有機半導体デバイスの性能の向上に重要である異なる材料が接する界面の制御,特に有機半導体と電極の接合界面(以下,有機半導体/電極界面)での電荷の注入(移動)の効率を高める技術の開発が求められている。
現在,電荷を流しやすくする電極修飾層として,導電性ポリマーや遷移金属酸化物の薄膜層が知られている。しかし,これらの材料は有機半導体デバイスを廃棄した際,環境に悪影響を及ぼす可能性がある。また,希少金属元素を含んでいることも懸念されている。
そこで,有機半導体/電極界面の電荷の出入りを効率化し,電極修飾層に応用可能かつ環境負荷の低い材料として,研究グループは今回,金属に吸着する性質を示すカテコール基を有したフェニルプロパノイド群の分子を使った電極修飾技術を開発した。
多くの有機半導体デバイスは,電極基板の上に有機分子の層や電極を積層して作られる。デバイスに流れる電流を大きくするには,電極から有機半導体への電荷の注入を効率化することが重要となる。

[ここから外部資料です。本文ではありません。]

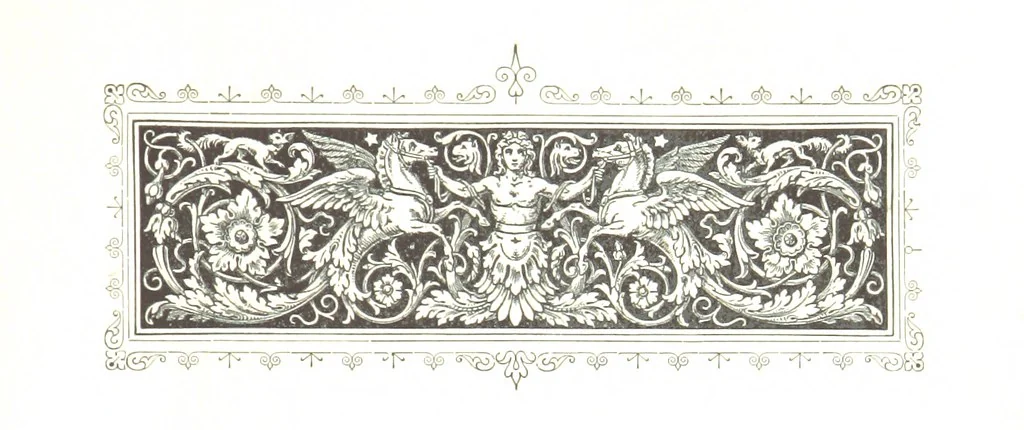 An illustration from Das Inka-Reich. Beiträge zur Staats- und Sittengeschichte des Kaiserthums Tahuantinsuyu. Nach den ältesten spanischen Quellen bearbeitet ... Mit einer Karte, etc, 1885, leaf 467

大きな永久双極子モーメントを持った分子で電極表面を修飾すると(電極修飾層),電極表面の電位が変わり,電荷の注入に関する効率化の指標である仕事関数が変化する。
電極の仕事関数を大きくすることで,電極のフェルミ準位が有機半導体のHOMO(電荷を受け取るエネルギーレベル)に近づき,電極から有機半導体への電荷の注入が促進される。その結果,有機半導体/電極界面において電流が流れやすくなる。
そこで研究グループは,電荷の注入の効率化のため,大きな永久双極子モーメントを持った分子として,植物が作り出すフェニルプロパノイドと呼ばれる物質群に着目した。
フェニルプロパノイドは,活性酸素を除去する機能(抗酸化作用)を持ち,植物に普遍的に存在する。フェニルプロパノイドの中には4デバイを超える大きな永久双極子モーメントを持つ分子がある。カフェ酸はビニレン基(-CH=CH-)にカルボキシ基(-COOH)とカテコール基が結合した構造と永久双極子モーメントを持つ。
電極表面にカフェ酸の薄膜層を形成すると,電極表面でカフェ酸分子が自発的に向きをそろえて並び,有機半導体デバイス(単層)に流れる電流が,カフェ酸が無い場合と比べて最大で100倍に増加した。カフェ酸が特異な配向を示すことで,有機半導体への電荷の注入が促進したと考えられるという。
研究グループは,IoT社会を支える有機半導体デバイスに,この研究で提案した電極修飾技術を応用することを目指すといている。